You did meet with some fishermen in the US who were working with a sustainable method of fishing that was allowing some fish stocks to bounce back.
We spoke with some fishermen in Texas who have done some catch reduction and restoration. One of them, his name was Buddy, was extremely happy with these changes because he had to work less. There was less of scramble because there were more fish to go around. So there are definitely ways to do it—the problem is implementing it in countries where regulations are harder to implement. But I do think there's hope, which was a surprising turn.

For people who are going to see this film and are on the demand side of this equation, what do you hope they will take from this?
I hope that it will just encourage people to think about whether their seafood is from a sustainable source. It's very easy to forget about this, and I'm guilty of doing that as well—I love my seafood. But with some things, especially like with the shark fin trade, there's just no future for it.

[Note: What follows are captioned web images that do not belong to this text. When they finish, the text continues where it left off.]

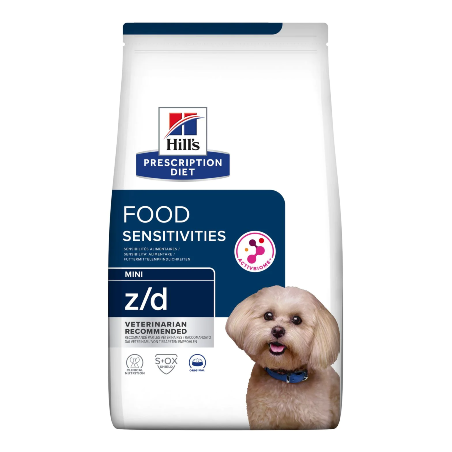 Hills Prescription Diet Canine Mini z/d 6 kg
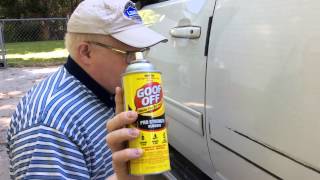 How To Remove CarTruck Door Molding [upl. by Honoria684]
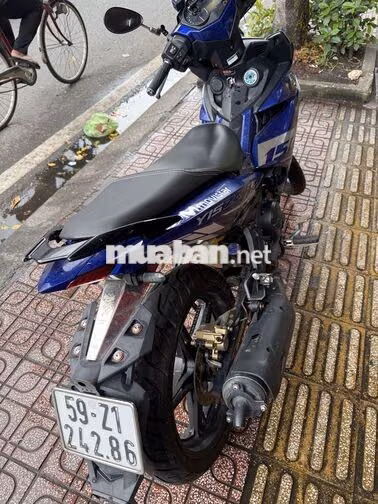 Yamaha Exciter 150 2015 Xanh đen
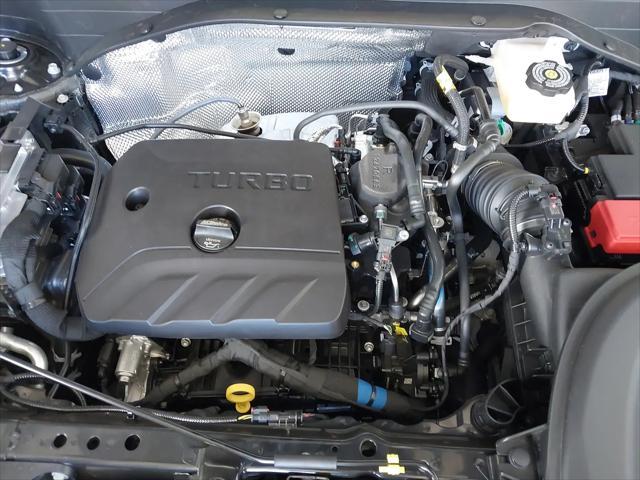 2026 Chevrolet TrailBlazer AWD RS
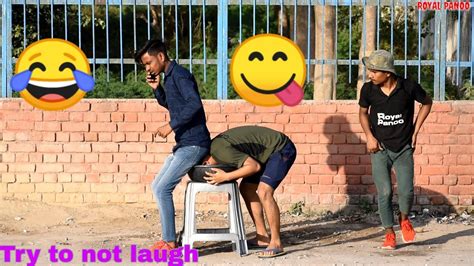 The hidden world (2019) error: MUST WATCH NEW 😋😋FUNNY COMEDY VIDEO 2019 FULL ENTRAINMENT ...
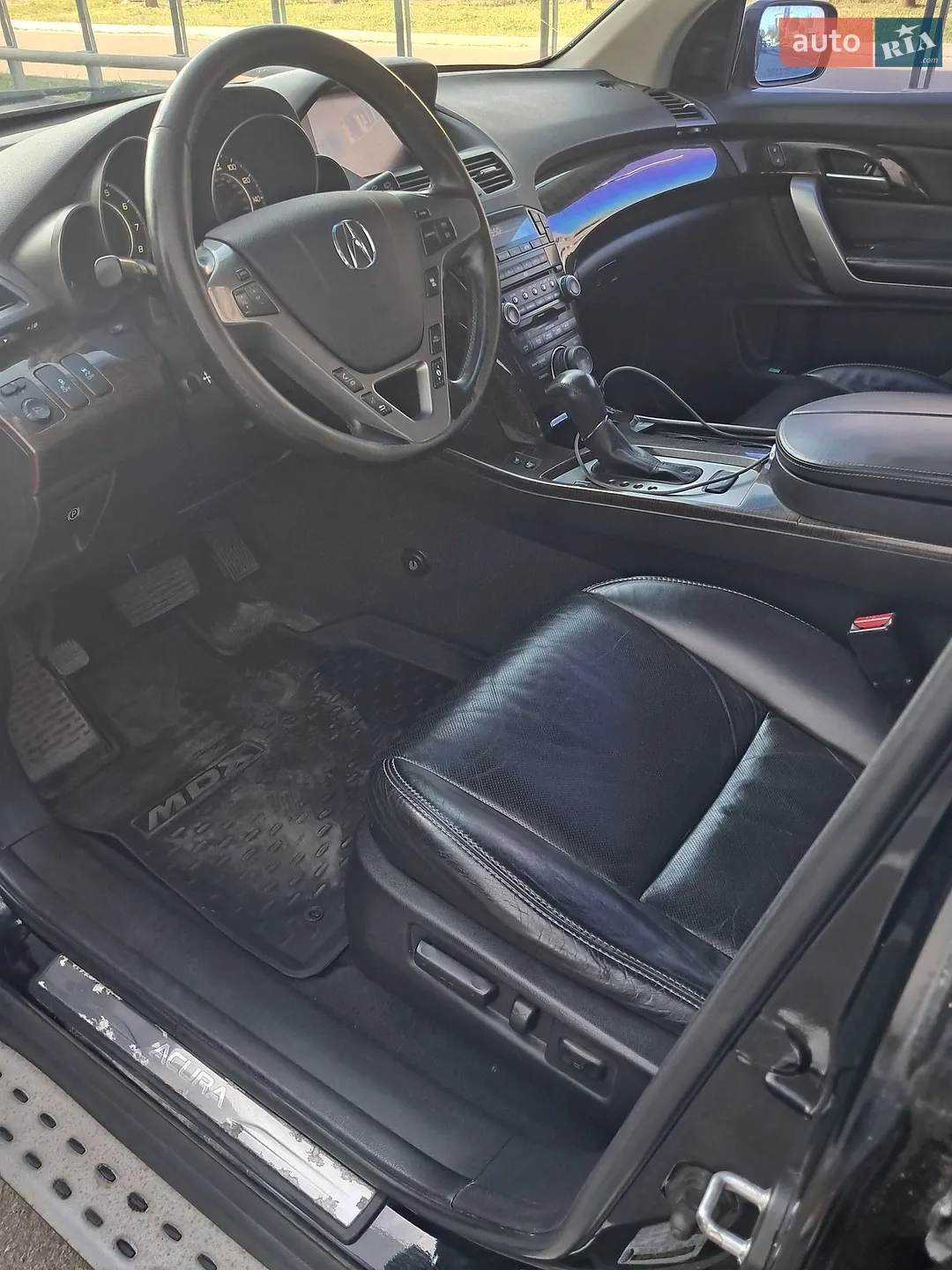 2012 Acura MDX - мініатюра 12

So I just think it's important for people to eat seafood—like most things—in moderation.

Do you have any updates about how things have been going in the year since the filming ended?
I think that documentaries like this, and some other ones, various activists have been able to use them to apply pressure to companies that are transporting shark fin or are involved in the shark fin trade. Various companies have expressed their disdain for the shark fin trade, and I think in general the demand is going down. At the same time, shark fin is only one element of this. We also saw the decimation of sea cucumbers as well—it's really disturbing, because people are taking the apex predators, and then also taking the bottom feeders who are responsible for cleaning and filtering those ecosystems.

I know that Blue Ventures, a group that helped us get a lot of access, have been able to establish a protected sustainable area in Madagascar, where they have put limits on fishing and have put absolute bans on some things.

The main takeaway is that it's so important to understand that your food is sustainable and that it comes from a sustainable source. Certain foods can be sustainably caught and harvested, and certain foods can't be—things like sea cucumbers and sharks—and that's an important distinction.